The morality of Irkoutsk is, as I have said, at an exceedingly low ebb. Our Danish friend Madame R., was on her arrival called upon by a young and handsome woman, beautifully dressed, with whom in less than a week she had struck up a violent friendship, for both had tastes in common, and were fond of music and art. A few days afterwards, Madame R., to her great delight, found another friend, the Baroness Podorski, who had spent many months at Copenhagen. But it was somewhat disappointing, said Madame R., to find soon after, that the baroness had done five years at the mines for murdering her niece, a rich heiress, by slow poison at Moscow, and was now living on the proceeds as a queen of society at Irkoutsk. Calling to see her other friend one afternoon, Madame R. found her gone. “It is sad,” said her host, “but we have quarrelled, and she has gone to live with B————, of the Cossacks. You know we were not married.” The state of things in the country is little better. When a peasant is about to be married, he lives in a state of single blessedness with his fiancée for six months. If at the end of that period she is found to be enceinte, the wedding takes place, if not, they separate and form new liaisons. But this custom exists only in Siberia, and even there is gradually dying out in the more civilized districts.
One morning, about five days before our departure, we were seated at breakfast, when a stout and portly old gentleman was shown in. The stranger must have weighed at least sixteen stone, and was broad in proportion. After a deal of palaver, we elicited that this good gentleman desired to become our fellow-traveller as far as Tomsk, proposed in other words to use our tarantass, eat our provisions, and do the journey for exactly a third the amount it would otherwise have cost him. In vain we pointed out that our vehicle was already full, that there was no room for a third. “No matter,” he said, smiling blandly, “I will lie between you.” The prospect of arriving at Tomsk as flat as a pancake, to say nothing of being asphyxiated by the fumes of garlic and tobacco, were too much, and we therefore intimated to our visitor politely but firmly that we declined his company. He, however, as firmly declined to take a refusal or leave our room till about 5 p.m., having sat in a chair and watched our every movement for three mortal hours without uttering a syllable. We had at last to ring the bell and insist on his being shown out. “Then you will not take me?” he said with a sigh. “Ah! you are wrong. Read that. I will call again to-morrow,” and leaving a slip of paper on the table, he slowly left the room.

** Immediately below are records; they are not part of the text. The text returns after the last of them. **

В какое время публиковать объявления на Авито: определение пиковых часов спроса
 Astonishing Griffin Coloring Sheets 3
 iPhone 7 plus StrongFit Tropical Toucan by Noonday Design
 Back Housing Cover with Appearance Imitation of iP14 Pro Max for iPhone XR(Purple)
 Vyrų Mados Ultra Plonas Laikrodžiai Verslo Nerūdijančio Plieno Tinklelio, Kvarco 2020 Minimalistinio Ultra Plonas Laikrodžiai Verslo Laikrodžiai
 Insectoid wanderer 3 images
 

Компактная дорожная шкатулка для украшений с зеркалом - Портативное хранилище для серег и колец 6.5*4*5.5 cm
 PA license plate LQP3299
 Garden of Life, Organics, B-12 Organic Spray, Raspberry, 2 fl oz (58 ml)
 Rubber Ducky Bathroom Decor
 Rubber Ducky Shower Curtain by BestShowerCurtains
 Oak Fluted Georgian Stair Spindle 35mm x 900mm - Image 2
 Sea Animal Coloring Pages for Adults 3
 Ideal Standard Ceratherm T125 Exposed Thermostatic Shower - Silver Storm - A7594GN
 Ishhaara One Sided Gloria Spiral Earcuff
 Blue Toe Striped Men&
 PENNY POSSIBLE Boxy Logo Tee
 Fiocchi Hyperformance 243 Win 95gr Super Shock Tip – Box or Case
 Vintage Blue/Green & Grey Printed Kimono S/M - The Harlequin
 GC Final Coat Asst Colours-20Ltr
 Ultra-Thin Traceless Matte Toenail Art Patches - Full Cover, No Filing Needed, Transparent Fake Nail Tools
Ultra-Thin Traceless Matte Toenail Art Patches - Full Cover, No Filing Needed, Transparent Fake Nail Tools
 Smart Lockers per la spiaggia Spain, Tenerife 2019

Translation from the Irkoutsk Gazette of July 7th, 1887:——
“The roads between Tomsk and Irkoutsk are infested with runaway convicts, so that travelling in this region, especially at night, is extremely dangerous. Lately, a whole family was murdered at the distance of a few versts from Irkoutsk, and we hear of such cases frequently enough.”
So ran the paper. I did not at first pay much heed to what I imagined was a scheme of our fat friend to make us take him as an additional protection. It was not pleasant news, though; so I took it to R————, who, good Russian scholar, would be able to enlighten us as to whether it ever had appeared in the Irkoutsk paper. The file was soon found, and somewhat to my disappointment, the paragraph in black and white, with an additional piece of advice from the Police Department not to travel on the Great Post-Road, except in urgent cases, at night.
Our fat friend called again next day, but we were obdurate. “Ah! you will be sorry for it, my friends,” he said. “This,” producing a horse pistol, apparently some centuries old, “this would have been no mean help in a skirmish. News has come to-day by telegraph that a party of merchants have been attacked by escaped convicts near Krasnoiarsk, two killed and the others severely maltreated and robbed. Well, good-day, and may you reach Tomsk alive.”